Belum terhapus dari ingatan kita bagaimana beberapa media koran dan majalah yang pernah dicabut ijinnya dan titutup oleh pemerintah yang berkuasa dalam periode TIRENTERASI hanya karena mereka melanggar “etiket” pemberitaan bukan etika pemberitaan. Pada masa itu, ada juga wartawan ataupun penulis yang selesai menulis bukannya menikmati hasil kerjanya, eh malah nyangkut di penjara. Mengapa demikian ? sebab pada masa TIRENTERASI, etika pemberitaan atau penulisan yang melanggar demokrasi pada masa itu bisa beresiko fatal.
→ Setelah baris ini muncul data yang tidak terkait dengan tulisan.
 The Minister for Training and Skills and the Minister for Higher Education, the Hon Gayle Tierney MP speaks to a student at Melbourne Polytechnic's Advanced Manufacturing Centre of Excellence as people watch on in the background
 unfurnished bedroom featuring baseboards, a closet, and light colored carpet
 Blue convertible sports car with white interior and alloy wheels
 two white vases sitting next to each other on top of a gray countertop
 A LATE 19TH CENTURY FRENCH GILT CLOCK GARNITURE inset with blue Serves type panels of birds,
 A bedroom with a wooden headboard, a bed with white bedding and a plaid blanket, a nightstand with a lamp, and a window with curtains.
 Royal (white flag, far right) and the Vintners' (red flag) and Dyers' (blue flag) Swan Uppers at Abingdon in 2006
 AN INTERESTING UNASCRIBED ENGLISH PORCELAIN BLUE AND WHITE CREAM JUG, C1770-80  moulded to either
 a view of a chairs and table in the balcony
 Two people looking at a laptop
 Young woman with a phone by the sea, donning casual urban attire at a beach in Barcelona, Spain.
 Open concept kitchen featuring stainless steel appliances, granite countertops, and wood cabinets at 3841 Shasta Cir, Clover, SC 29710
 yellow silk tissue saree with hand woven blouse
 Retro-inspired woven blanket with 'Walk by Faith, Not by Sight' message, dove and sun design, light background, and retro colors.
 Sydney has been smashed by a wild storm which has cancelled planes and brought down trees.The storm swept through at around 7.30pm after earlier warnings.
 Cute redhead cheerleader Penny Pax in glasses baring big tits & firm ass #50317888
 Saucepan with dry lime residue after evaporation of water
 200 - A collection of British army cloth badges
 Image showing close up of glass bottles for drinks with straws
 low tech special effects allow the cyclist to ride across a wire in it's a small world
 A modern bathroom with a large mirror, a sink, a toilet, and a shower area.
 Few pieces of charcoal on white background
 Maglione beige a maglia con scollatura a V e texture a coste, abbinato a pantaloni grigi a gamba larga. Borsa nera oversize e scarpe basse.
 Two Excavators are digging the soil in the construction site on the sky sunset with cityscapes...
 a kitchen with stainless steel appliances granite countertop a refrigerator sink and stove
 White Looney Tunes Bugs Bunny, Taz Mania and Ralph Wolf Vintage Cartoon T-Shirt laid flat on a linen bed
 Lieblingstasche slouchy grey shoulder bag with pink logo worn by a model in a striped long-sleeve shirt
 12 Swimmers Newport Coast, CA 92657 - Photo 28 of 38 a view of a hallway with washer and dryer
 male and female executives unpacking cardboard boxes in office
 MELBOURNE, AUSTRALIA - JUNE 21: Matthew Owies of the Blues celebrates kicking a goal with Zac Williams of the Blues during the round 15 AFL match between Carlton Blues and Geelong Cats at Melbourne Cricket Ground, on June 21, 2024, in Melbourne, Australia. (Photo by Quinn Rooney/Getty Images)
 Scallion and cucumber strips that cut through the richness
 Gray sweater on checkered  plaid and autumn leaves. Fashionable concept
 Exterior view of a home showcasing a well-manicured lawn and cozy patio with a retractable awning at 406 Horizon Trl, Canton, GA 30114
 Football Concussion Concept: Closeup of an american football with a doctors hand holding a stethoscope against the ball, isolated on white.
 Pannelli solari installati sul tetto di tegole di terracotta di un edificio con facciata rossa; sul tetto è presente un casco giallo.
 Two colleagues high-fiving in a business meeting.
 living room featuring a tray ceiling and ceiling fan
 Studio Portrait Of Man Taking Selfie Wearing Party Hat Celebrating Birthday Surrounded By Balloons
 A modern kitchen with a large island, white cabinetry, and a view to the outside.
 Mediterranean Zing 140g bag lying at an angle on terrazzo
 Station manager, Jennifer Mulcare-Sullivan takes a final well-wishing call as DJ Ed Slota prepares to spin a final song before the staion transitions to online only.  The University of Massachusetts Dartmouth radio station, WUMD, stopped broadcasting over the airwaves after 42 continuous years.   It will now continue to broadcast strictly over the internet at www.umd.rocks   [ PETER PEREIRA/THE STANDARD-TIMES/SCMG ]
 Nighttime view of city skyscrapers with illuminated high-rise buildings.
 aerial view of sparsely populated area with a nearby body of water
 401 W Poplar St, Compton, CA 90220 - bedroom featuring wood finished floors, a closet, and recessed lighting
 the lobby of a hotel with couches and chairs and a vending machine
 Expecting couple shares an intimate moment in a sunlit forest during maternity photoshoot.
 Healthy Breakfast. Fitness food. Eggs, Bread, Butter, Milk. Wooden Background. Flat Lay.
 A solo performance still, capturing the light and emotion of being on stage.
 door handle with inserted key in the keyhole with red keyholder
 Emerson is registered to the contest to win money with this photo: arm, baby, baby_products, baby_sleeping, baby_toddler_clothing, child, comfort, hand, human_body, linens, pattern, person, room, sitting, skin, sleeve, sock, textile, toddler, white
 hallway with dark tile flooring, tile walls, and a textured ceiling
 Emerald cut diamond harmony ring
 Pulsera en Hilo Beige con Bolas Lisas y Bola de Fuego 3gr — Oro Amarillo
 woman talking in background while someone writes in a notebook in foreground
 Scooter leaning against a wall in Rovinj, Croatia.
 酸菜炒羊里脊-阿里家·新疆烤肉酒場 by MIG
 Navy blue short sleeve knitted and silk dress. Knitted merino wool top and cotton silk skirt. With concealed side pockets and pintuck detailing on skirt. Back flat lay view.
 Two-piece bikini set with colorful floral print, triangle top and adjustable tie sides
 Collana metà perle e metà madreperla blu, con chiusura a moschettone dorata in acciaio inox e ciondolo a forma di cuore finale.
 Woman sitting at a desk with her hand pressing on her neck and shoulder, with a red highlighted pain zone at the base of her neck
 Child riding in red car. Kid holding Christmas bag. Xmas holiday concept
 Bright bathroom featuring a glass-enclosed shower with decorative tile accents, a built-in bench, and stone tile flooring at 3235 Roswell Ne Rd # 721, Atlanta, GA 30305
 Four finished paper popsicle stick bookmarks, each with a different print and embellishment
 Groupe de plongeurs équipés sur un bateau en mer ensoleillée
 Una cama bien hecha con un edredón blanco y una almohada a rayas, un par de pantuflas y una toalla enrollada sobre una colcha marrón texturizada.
Setelah 13 tahun menikmati kemerdekaan yang benar-benar demokratis dialami oleh para penulis dan mereka yang hobi menulis, terus dimanjakan juga oleh media virtual seperti kompasiana dan media interaksi social lainnya, marilah kita menjaga agar kemerdekaan yang true demokrasi ini tidak lari atau lepas dari koridor etika dan norma yang ada.
Sebab di alam kemerdekaan demokratis yang baru kita nikmati 13 tahun ini, tidak serta merta menjadikan kita sebagai penulis yang suka menghujat, memaki, provokatif dan hanya bisa teriak-teriak lewat tulisan dan mengabaikan etika begitu saja. Tetapi mari bingkai kebebasan berekspresi lewat tulisan itu dengan hantaman yang beretika, tulisan yang inspiratif dan memotivasi daripada yang memprovokasi, juga jangan suka copas tanpa menghargai nara sumber.
Itulah kenikmatan yang harus tetap kita jaga, yakni kemerdekaan menulis di Negara demokrasi kita Indonesia tercinta, kebebasan yang diekspresikan dengan tetap terjaga dalam balutan etika dan norma ketimuran khas Indonesia, yang santun namun tetap berani, yang lembut tapi tetap tegas. Sebab itulah yang membuat demokrasi kita bangsa Indonesia unik dan menarik di mata dunia. Selamat Hari Ulang Tahun Kemerdekaan Republik Indonesia yang ke 65.